All posts by John Casey

Blogger

Critical thinking

Joel Achenbach, author of one of the Washington Post’s many blogs, raises some general points about critical thinking. I thought I’d use them as a way of generating some general meta-discussion about thinking well–as a complement to the many posts about thinking badly. Here is what he had to say:

>Learning How To Think

>Why is it that, 40 years after Vietnam, all the revolutions in information and the explosion of media outlets and the 1000 different TV channels and information available in handheld instruments and beamed from around the world at the speed of light STILL made absolutely no difference in keeping us out of a quagmire?
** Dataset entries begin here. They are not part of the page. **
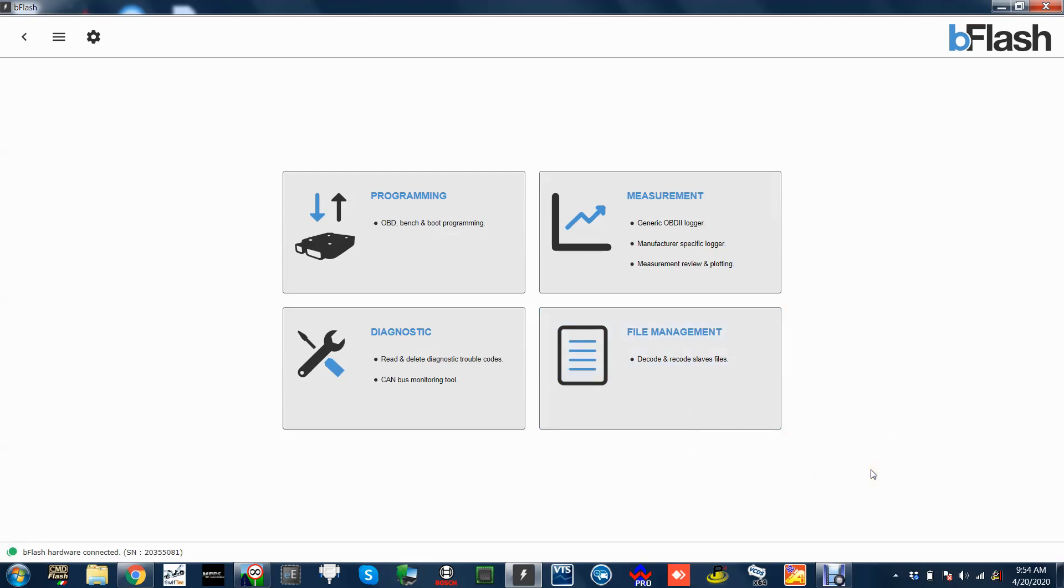Well then guys, I thought I'd do something a little bit different this time. I ventured out into my M2 Comp to show you B Flash. B Flash is a very new tool on the market but it's pretty much taken the market by storm.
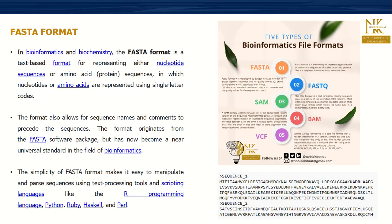One important file format to take note of as a researcher: there are different types including FASTA, FASTQ, SAM, BAM, VCF, and others. At our beginner level, we focus on FASTA. FASTA is a text-based format for representing nucleotide sequences or amino acid sequences, in which nucleotides or amino acids are represented using single-letter codes. As shown in the figure provided, there's a brief explanation of what FASTA, FASTQ, SAM, BAM, and VCF files are.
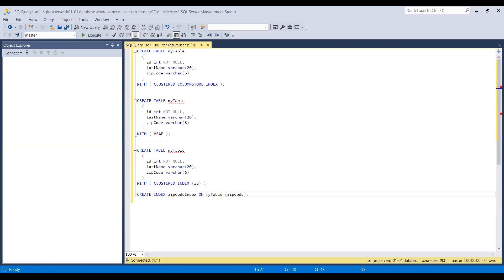For Step 2, instead of rebuilding the index we could copy the table to a new table using CREATE TABLE AS SELECT (CTAS). For large volumes of data, CTAS is usually faster than ALTER INDEX. For small volumes of data, ALTER INDEX is easier to use and won't require us to swap out the table.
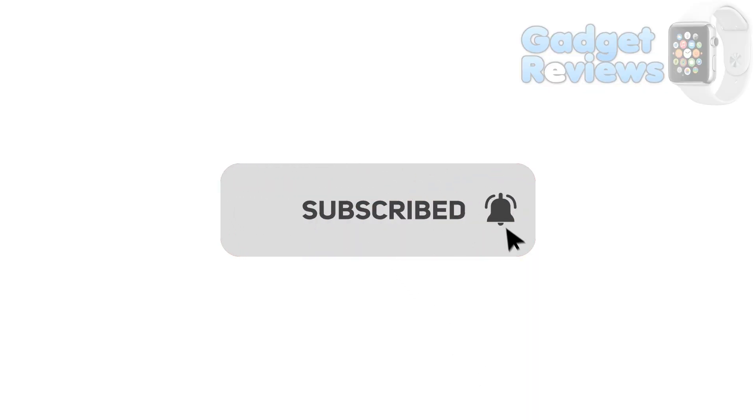Welcome to Gadget Reviews YouTube Channel. Please subscribe and press alert button to get notified for upcoming new videos.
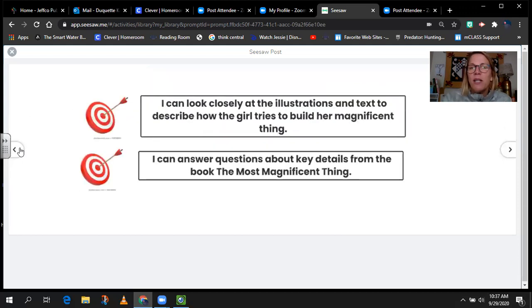Going back to our targets today: we looked closely at the illustrations and text to describe how the girl tries to build her magnificent thing, and we also looked closely at the details from the text to answer questions about what the pictures were telling us. I hope you enjoyed today's module lesson. I'm really loving the story — The Most Magnificent Thing has all of the habits of character we're working on: perseverance, initiative, collaboration. Kindergartners, I'll meet you at 9:45, and first graders, I'll meet you via Zoom at 10 o'clock. Have a wonderful morning — virtual hug, see you shortly!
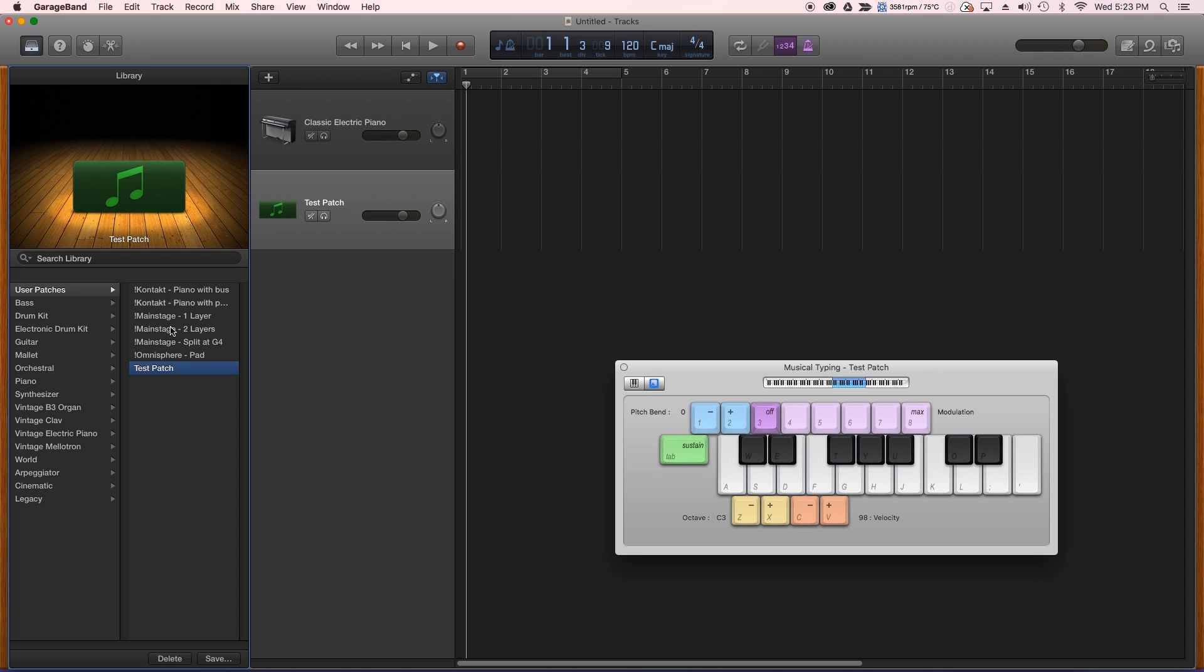I created a patch here with two layers, so two channel strips inside the patch. And then here's one where I made a keyboard split at G4, and I wanted to see what all would carry over.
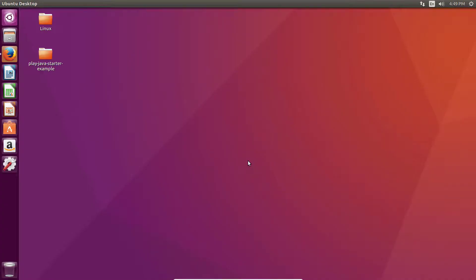Hi guys, this is Imtariq from netisco.com. In the previous video tutorial I showed you how to set up your development environment for IntelliJ IDE, and in this video I will show you how to set up your development environment for Eclipse IDE.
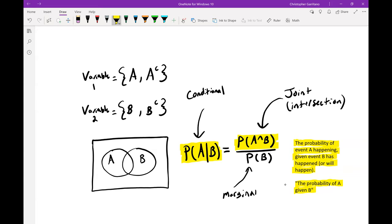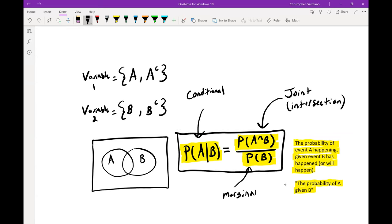The numerator P(A and B) is known as a joint probability or an intersectional probability. The denominator is simply the probability of B, known as a marginal probability. Marginal probabilities deal with one event at a time, whereas joint or intersectional probabilities deal with two events occurring simultaneously. The conditional probability deals with: knowing information about event B, what's the probability that event A occurs?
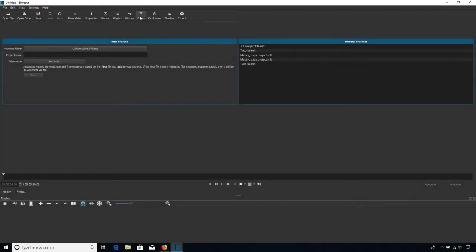So how do we get our video into Shotcut then, so we can be ready to start working on it? Well, there are two ways of doing it.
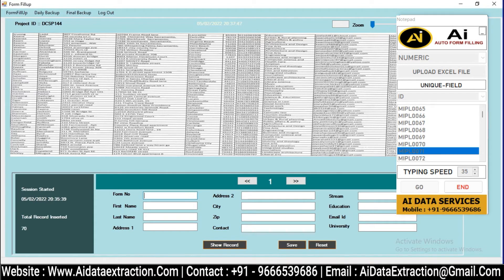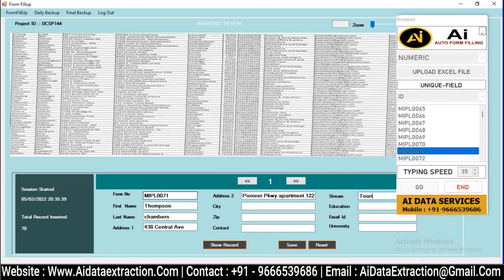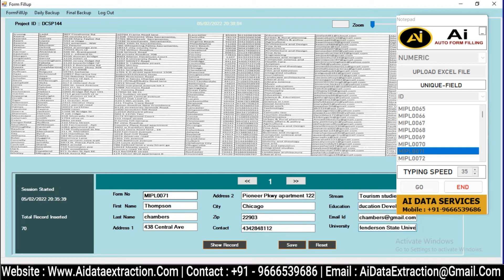Adjust the typing speed to your preferences. Press the Begin button and place the cursor in the AI Data Extraction offline entry form filling software inside the fields. AI Data Extraction Autotyper automatically types every data.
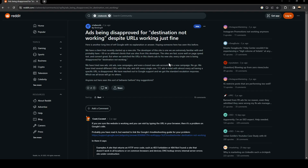We have tried new ads, old ads, new campaigns, and even a brand new ads account with a new campaign — no go. We have tried several different URLs with this site and still every single ad is being disapproved. We have reached out to Google support and got the standard escalation response, which we all know will go nowhere.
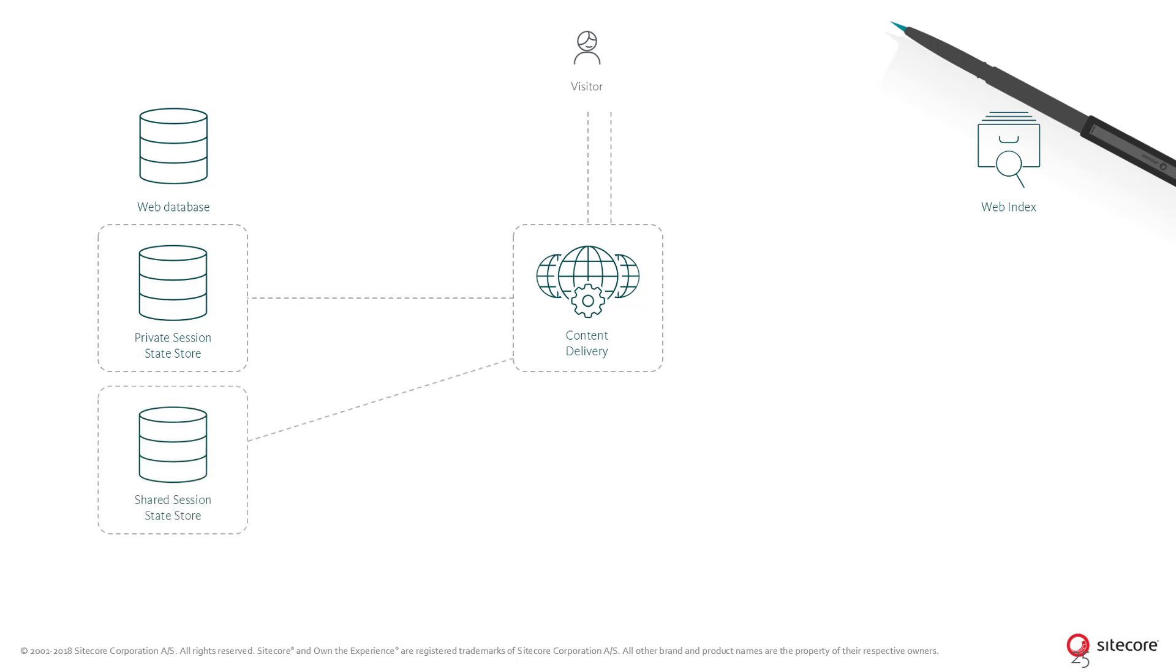In some scenarios, a contact can be running multiple active sessions at the same time. For example, when a contact is identified and logged in on the website on his computer and his mobile at the same time.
>Part of the answer may be that, although technology changes, people don’t. And they’re not always good thinkers. We don’t employ what is known among academics as “critical thinking.” Critical thinking isn’t emphasized in schools. I was just reading a book on critical thinking, “Hoaxes, Myths and Manias,” by Robert Bartholomew and Benjamin Radford, that lists the most important elements of learning how to think critically:

>1. Ask questions; be willing to wonder.

>2. Define your problem correctly.

>3. Examine the evidence.

>4. Analyze assumptions and biases.

>5. Avoid emotional reasoning.

>6. Don’t oversimplify.

>7. Consider other interpretations

>8. Tolerate uncertainty.

There’s more to this entry of his, but it veers off topic.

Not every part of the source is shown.